Just the playing games part is.

With the NBA set to resume the season on July 31 with 22 teams, the league is reopening the transaction window, so that organizations can add or subtract players, or convert two-way contracts. The transaction window will open on June 22, and it will apply to all 30 teams, not just those who are headed to Orlando next month.

So it brings up an interesting question: Will the Warriors make any roster moves?

Dragan Bender and Chasson Randle will have their 10-day contracts expire, which means the Warriors currently have only 13 players under contract. They have two available spots to work with, should they choose to make a move.

Why would they make a move with no games left to play?

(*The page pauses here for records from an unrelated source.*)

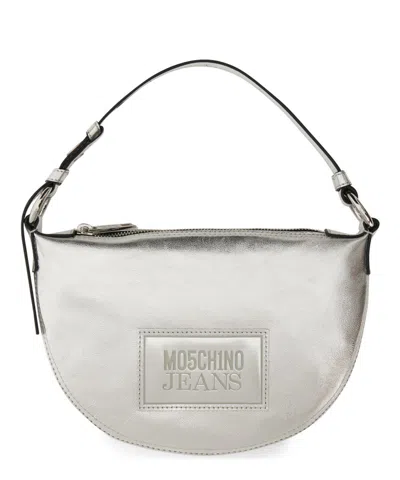 Moschino Hand Bag With Logo In Silver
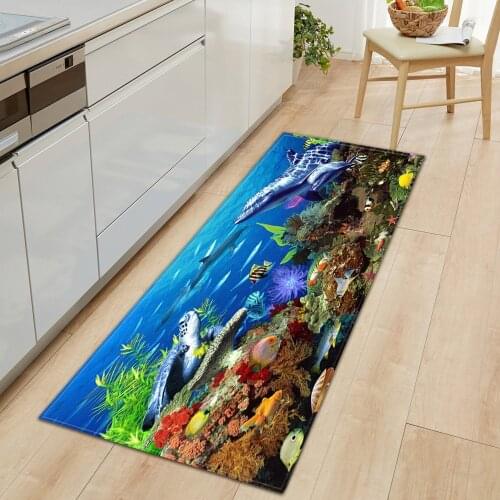 Ocean World Kitchen Rug Entrance Doormat Bedroom Childrens Floor Decoration Carpets Home Bathroom Hallway Balcony Anti-Slip Mat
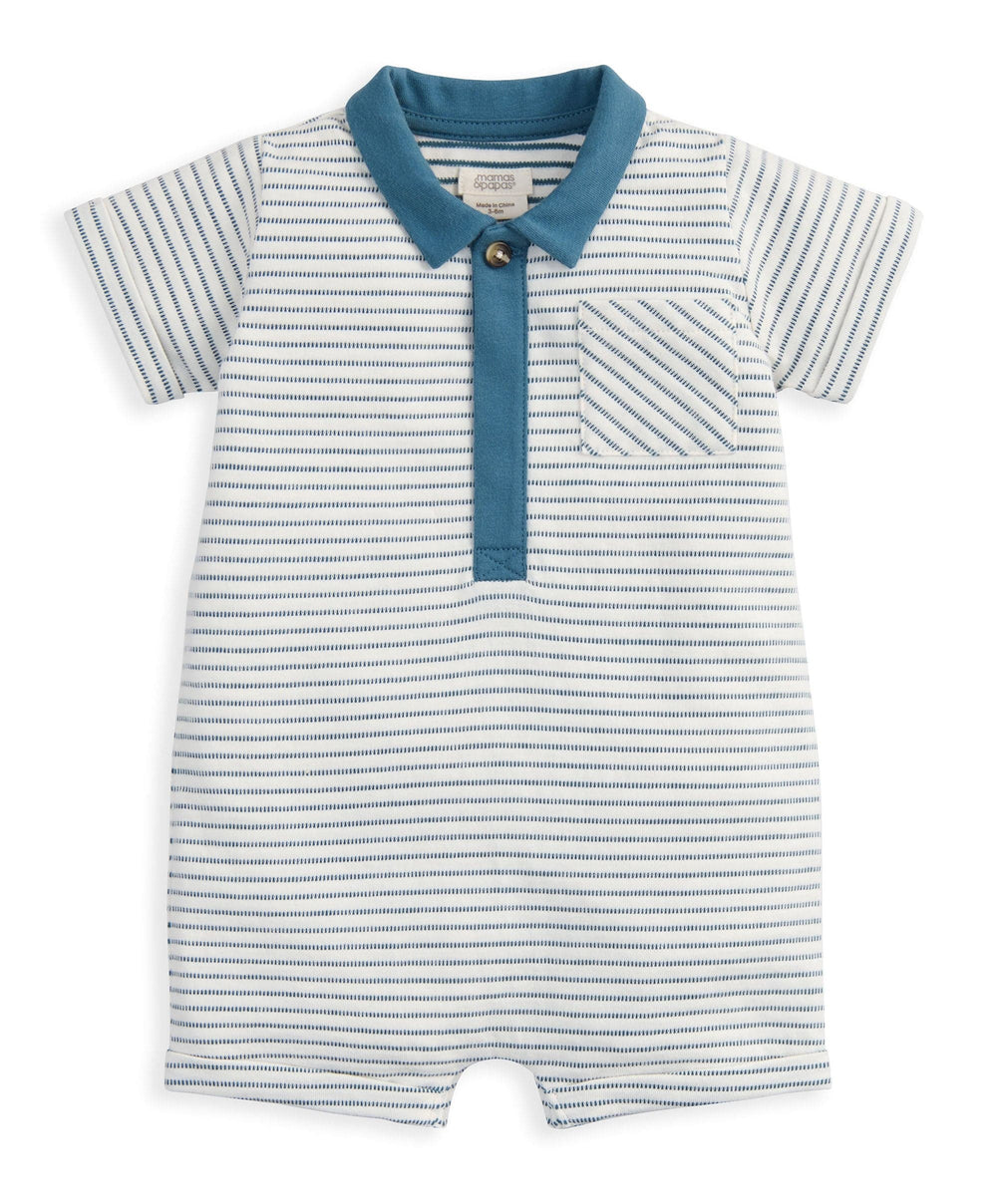 Mamas &amp; Papas Rompers Stripe Polo Romper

Simple: To add players they may want to use next year before free agency.

Last year the Miami Heat added Duncan Robinson and Kendrick Nunn to their roster at the very end of the season, despite being out of the playoffs. Each player was signed to a multi-year deal with limited guaranteed money. Nunn didn’t even play in a single game.

By doing so, the Heat retained the services to each player going into the 2019-20 season, and both players had huge roles on this year’s Miami team.

The Warriors can do the same. They can re-sign a player like Bender to a multi-year deal with no guaranteed money, or limited guaranteed money. They could sign a successful G League player, either from the Santa Cruz Warriors or from another team.

There are options. It’s not the flashiest move, especially with no games left on the table. But as Miami showed, it can make a difference.